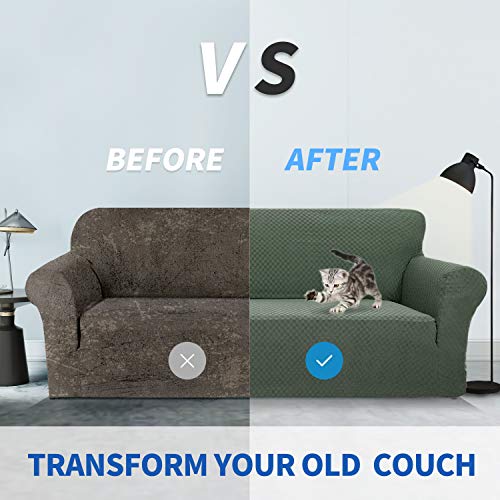 1 Piece Jacquard Chair Slipcovers for Living Room High Stretch Chair Covers with Arms Anti Slip Pets Friendly Couch Sofa Armchair Cover Furniture Protector (Small (31"-46") / Army Green)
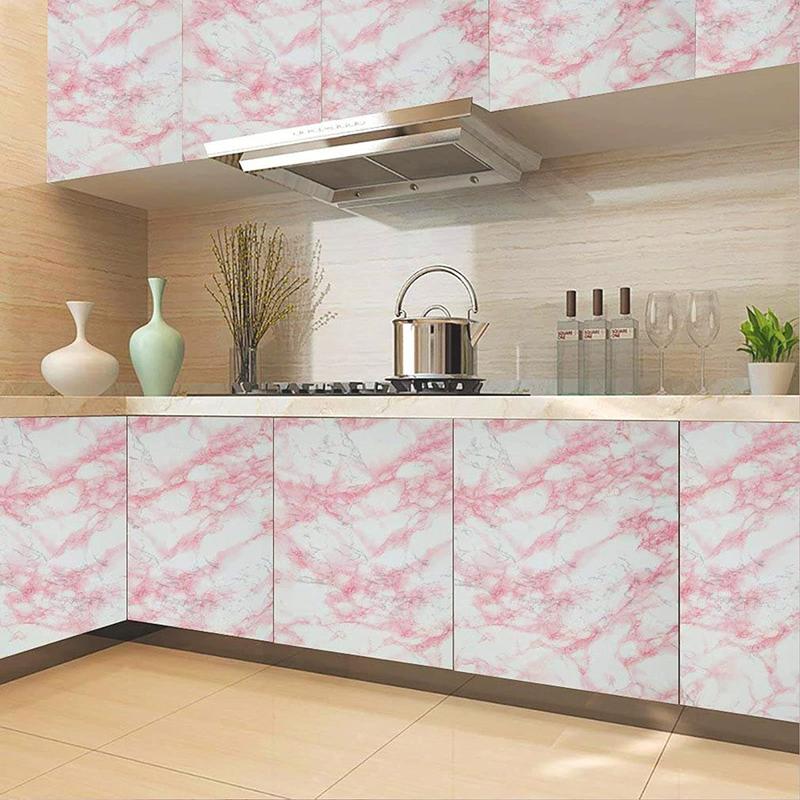 Marble Pattern Self-adhesive Wallpaper, 1 Roll Pink Waterproof Peel and Stick Wallpaper, Easy To Remove Wall Art Sticker for Kitchen Countertop and Cabinet Shelf Liner 5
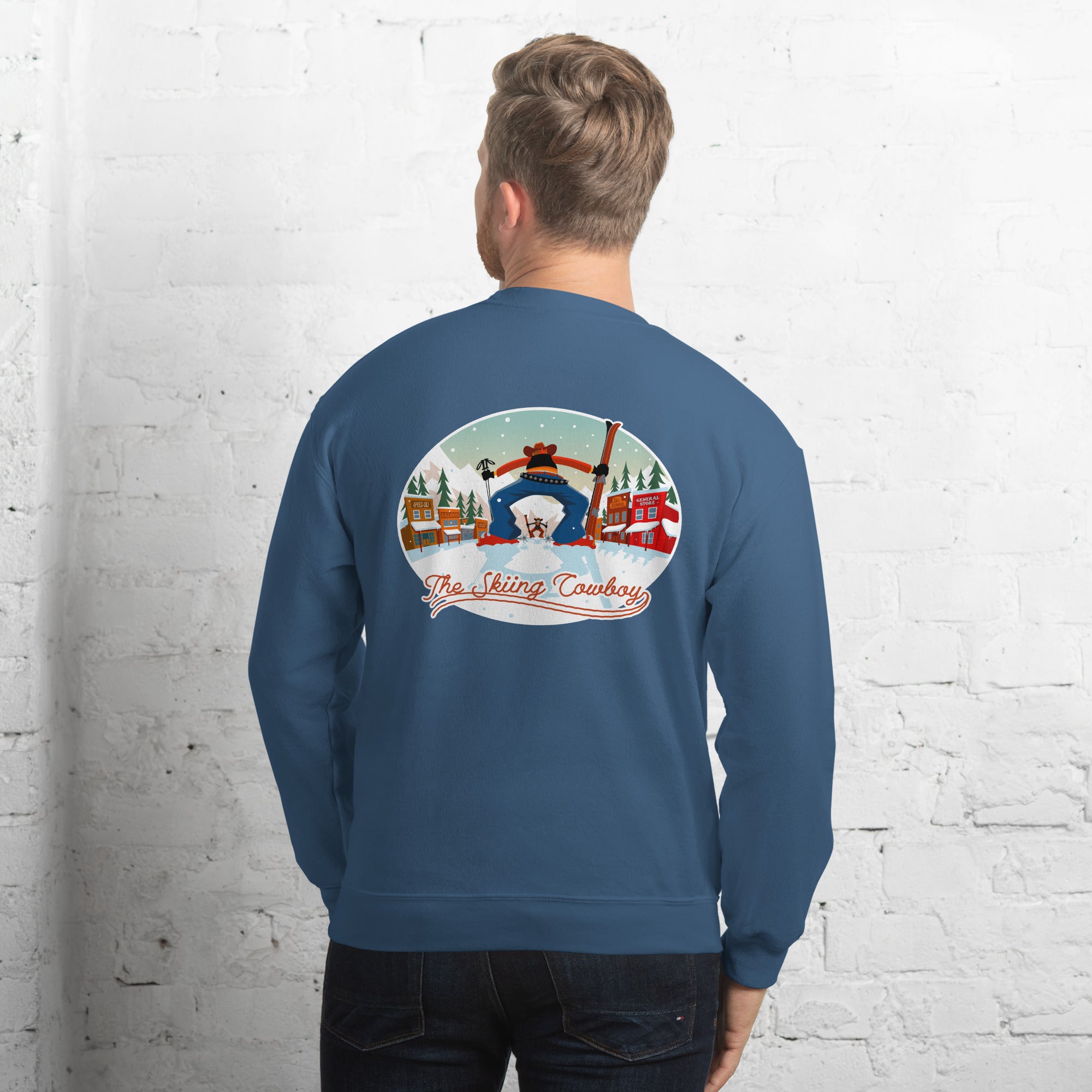 Sweat Unisexe à Col Rond Ski Fight at OK Corral sur couleurs foncées (face & dos)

────────────────

**What is expected**
Exactly the lines running from the one with "Marble Pattern Self-adhesive" through the end of the listing above must be output, both ends included. No pictures belong in the output.

**Response**
 Marble Pattern Self-adhesive Wallpaper, 1 Roll Pink Waterproof Peel and Stick Wallpaper, Easy To Remove Wall Art Sticker for Kitchen Countertop and Cabinet Shelf Liner 5
 Sweat Unisexe à Col Rond Ski Fight at OK Corral sur couleurs foncées (face & dos)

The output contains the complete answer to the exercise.